### Information supplied

= = = = =

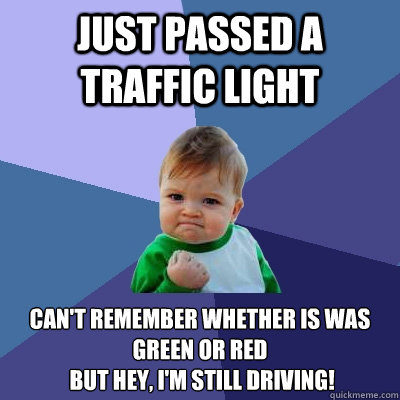 Just passed a traffic light can't remember whether is was green or red
 but hey, I'm still driving!  Success Kid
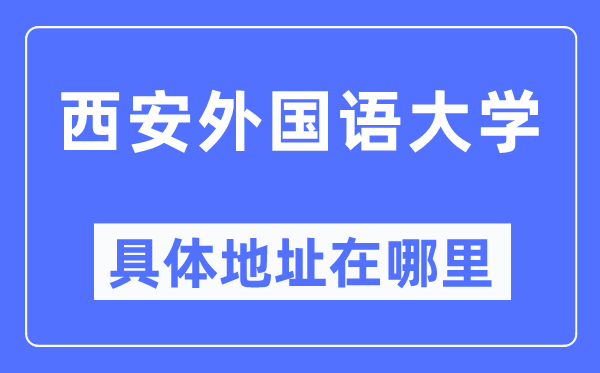 西安外国语大学具体地址在哪里,在西安的哪个区?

= = = = =

### Exercise objective
The lines to write out run from the one containing "but hey, I'm" through the final line of the material above, both included; write them out exactly, with no pictures.

### Reply
 but hey, I'm still driving!  Success Kid
 西安外国语大学具体地址在哪里,在西安的哪个区?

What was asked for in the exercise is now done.